You are correct Java Web Start can be considered a sort of RIA technology for although I do not believe that simply installing web start gives you tons of libraries. No doubt someone could configure a custom installation with an arbitrarily large set of libraries. If you compare Curl to something like that, then you are correct.

Jun 19, 2008 11:56 AM Reply Guest Charles Kendrick in response to: cbarber

@cbarber
I think I really don't understand what you mean and would like to..

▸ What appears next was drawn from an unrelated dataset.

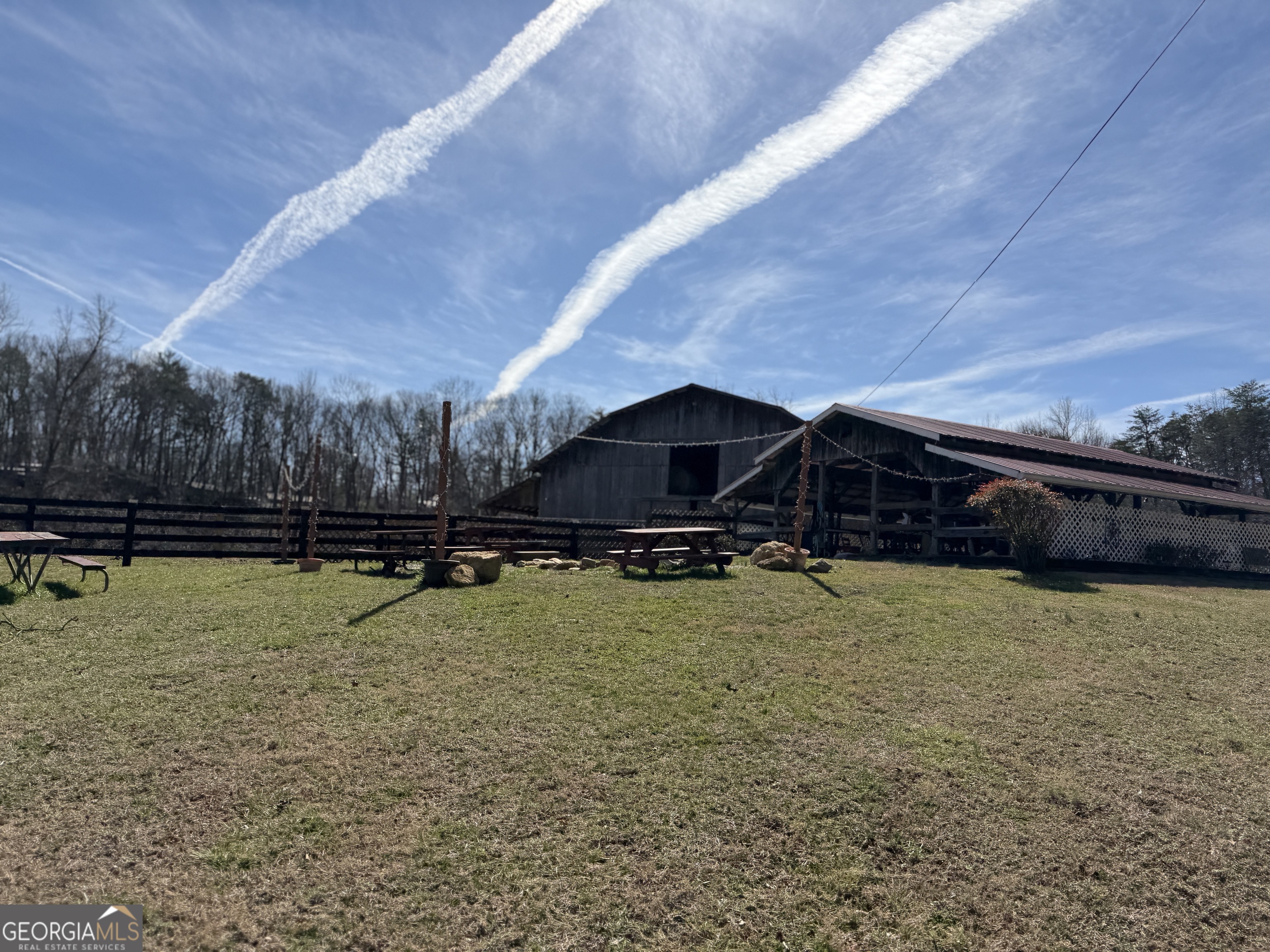 175 Yogi Bear Boulevard Cleveland, GA 30528 - Photo 35 of 43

An Ajax RIA platform delivers it's runtime dynamically as a set of .js files which are then cached by the browser for future accesses. Typically the runtime is divided into modules which a given application may load or not load. If an application upgrades the runtime, this is transparent to the user. If an application begins using additional modules, those new modules are downloaded transparently and added to the browser cache. If two applications use two different versions of the runtime, they are just separately cached, again transparent to the user.

I'm not sure how Curl is different - are you saying, a lot of libraries are installed with Curl, so they don't need to be downloaded when the application is accessed? If so, how do you handle versioning when different applications need to use different versions of the platform?

Jun 19, 2008 12:15 PM Reply Click to view cbarber's profile cbarber in response to: Charles Kendrick

Yes, that is what I am saying libraries are included in the installation of the Curl platform on the client. Each version of the Curl platform includes its own set of libraries, i.e. we do not share built-in RTE packages across versions.

Additional Curl packages in source form may be downloaded on demand, and are compiled to machine code and persistently cached in binary form so they do not have to be downloaded or compiled when they are used again. This allows you to build Curl applications consisting of literally hundreds of thousands of lines of code and get fast load times. The Curl IDE itself is an example of this, which consists of ~170K lines of Curl code. It is shipped in compressed source form and compiled and cached when the IDE is installed. Once installed, the IDE starts in seconds.